‘The People v. O.J. Simpson,’ Episode 6: Our Fact-Checking Recap
So far March has been great for O.J. news, and that’s not including the focus on FX’s record-breaking new show. According to reports, when O.J.’s house was being demolished in 1998, a construction worker discovered a knife buried on the property. The item was turned over to an off-duty policeman, who proceeded to hold onto it for roughly 18 years. It’s currently undergoing testing by the LAPD to determine if it’s the real thing — though lead prosecutor Marcia Clark pointed out it might be a hoax, and the owner of the demolition company said it was probably just a joke.
But this episode offers some potential police misconduct of its own, from one detective admitting on the stand that he had taken evidence home with him (even if just for a few hours) to Mark Furhman perjuring himself by stating under oath that he hadn’t used a particular racial epithet since 1986. But mostly, as the installment’s title “Marcia, Marcia, Marcia” suggests, this episode is focused on the case’s female prosecutor and her struggle to live up to her new role as America’s most famous working mother.
Marcia Clark has “been redeemed,” New York Magazine declared, as the show has presented a “sharply feminist reexamination of her treatment in the courtroom and in the media.” And with Episode 6, women everywhere will recognize that what was sold as a mean, cold persona was just what it looks like to be overworked, under-slept, and maybe a little frustrated with your male counterparts. Clark’s problems have been building during the series’ first half, and are now coming to a head. Her custody battle is tabloid fodder, critiquing her appearance has become a national pastime, and, while he addressed the other lawyers formally, Judge Ito continues to call her simply, “Marcia.” Though the lawyer’s image on the show is remarkably different than her portrayal in the primary source material, Jeffery Toobin’s The Run of His Life, the writers stayed pretty close to the facts … most of the time. Check out these five details from this week’s chapter, fact-checked and rated on a one-to-five Glove scale for accuracy.
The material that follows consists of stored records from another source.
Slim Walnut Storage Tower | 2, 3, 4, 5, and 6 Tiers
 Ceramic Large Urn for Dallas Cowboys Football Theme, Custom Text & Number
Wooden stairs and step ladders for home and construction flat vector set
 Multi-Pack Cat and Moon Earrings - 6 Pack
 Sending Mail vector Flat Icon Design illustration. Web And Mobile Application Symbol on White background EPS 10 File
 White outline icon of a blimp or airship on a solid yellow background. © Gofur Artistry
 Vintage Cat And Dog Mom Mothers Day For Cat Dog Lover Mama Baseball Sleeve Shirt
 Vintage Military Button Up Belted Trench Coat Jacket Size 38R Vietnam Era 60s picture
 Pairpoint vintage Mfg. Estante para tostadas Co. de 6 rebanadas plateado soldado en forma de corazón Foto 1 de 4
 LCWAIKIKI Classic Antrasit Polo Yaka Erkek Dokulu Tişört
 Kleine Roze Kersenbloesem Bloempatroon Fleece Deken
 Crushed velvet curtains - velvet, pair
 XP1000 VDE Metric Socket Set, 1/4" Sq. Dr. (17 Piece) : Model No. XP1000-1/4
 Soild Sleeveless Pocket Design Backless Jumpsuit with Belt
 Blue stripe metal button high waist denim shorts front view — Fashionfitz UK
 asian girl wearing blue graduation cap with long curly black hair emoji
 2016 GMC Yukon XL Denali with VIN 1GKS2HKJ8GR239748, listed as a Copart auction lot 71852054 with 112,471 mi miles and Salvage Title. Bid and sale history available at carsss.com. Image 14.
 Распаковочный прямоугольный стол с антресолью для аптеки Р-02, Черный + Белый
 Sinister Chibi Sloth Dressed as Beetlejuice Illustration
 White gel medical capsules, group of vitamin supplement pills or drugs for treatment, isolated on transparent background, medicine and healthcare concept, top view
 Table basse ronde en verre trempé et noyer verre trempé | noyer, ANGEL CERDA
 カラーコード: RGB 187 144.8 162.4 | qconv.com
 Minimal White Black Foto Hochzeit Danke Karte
Marcia’s “babysitting problem”
On June 9, 1994, just 3 days before the Brown-Goldman murders, Clark filed for divorce from her second husband and father of her children, Gordon Clark. Seven years his senior, she was the big earner for the family; by time the trial was underway, she relying on outside help to care for their two young sons, ages three and five. Gordon, however, spun “hired help” into the equivalent of “unfit parent,” and he filed for primary custody. Her spouse took every opportunity to slag her in the media: Citing an occasion when Marcia requested that the proceedings not run too late one evening — so that she could care for her kids — Gordon told the press that he could have easily picked them up, and therefore she was using their children as an excuse to gain advantage in the case.
From the other direction, her attempts at being a hands-on parent during the trial were repeatedly mocked in court, by everyone from defense litigator Johnnie Cochran to Judge Lance Ito. On the show, the defense asks the court to consider a new witness around three o’clock in the afternoon, noting that the day will go late. Clark asks the judge to hold off on the drawn-out hearing on account of her children, Cochran belittles his opponent: “Are we really going to risk losing this witness because of a babysitting problem?” Then her boss guilt-trips her into staying anyway, and her ex goes on TV to call her a liar. In Toobin’s account, it was closer to six in the evening; she did have just enough time to pick up her kids; and she had informed the court several times of her child-care issues. Other than that, the episode seems to pretty accurately depict what it must have been like to be a working mom in the Nineties. (“How like a man to assume child care is something accomplished with a click of a cellular phone,” wrote one prescient columnist, in a rare defense of Clark.)